### What you will do
Every line from the one containing "2016 MERCEDES-BENZ E E350-4M" through the end of the listing below goes in the output, exactly and without pictures.

### Provided data
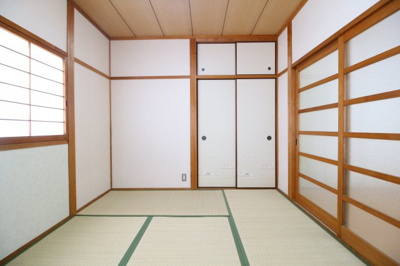 【和室】 | 第一ハイツ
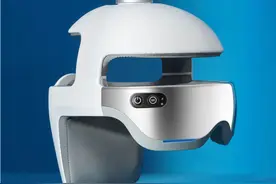 小米众筹头部按摩器，年轻人的第一个头部按摩器图片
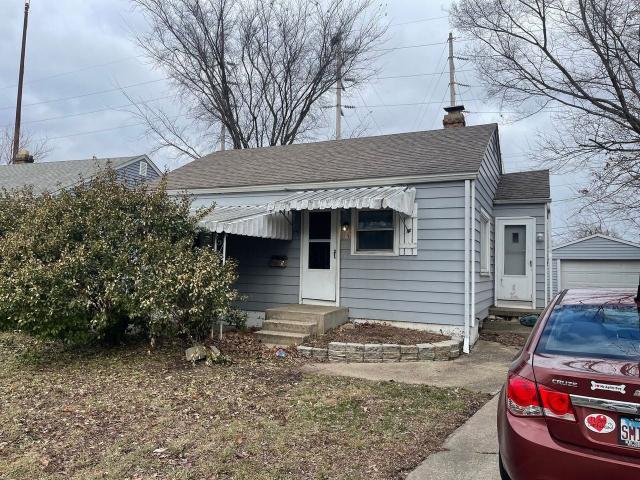 House for rent in Springfield, Illinois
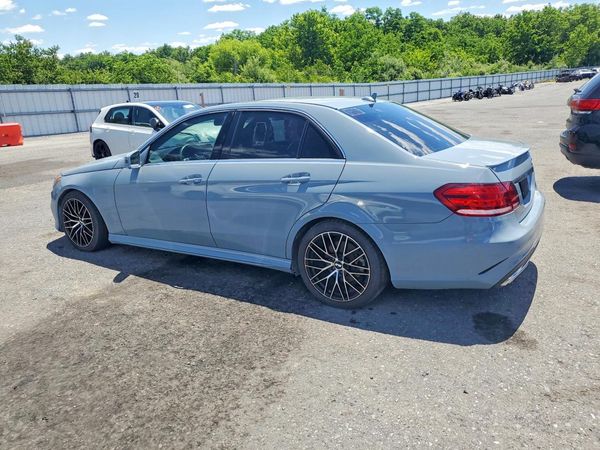 2016 MERCEDES-BENZ E E350-4M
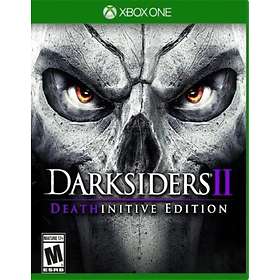 Darksiders II: Deathinitive Edition (Xbox One | Series X/S)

### Solution to this exercise
 2016 MERCEDES-BENZ E E350-4M
 Darksiders II: Deathinitive Edition (Xbox One | Series X/S)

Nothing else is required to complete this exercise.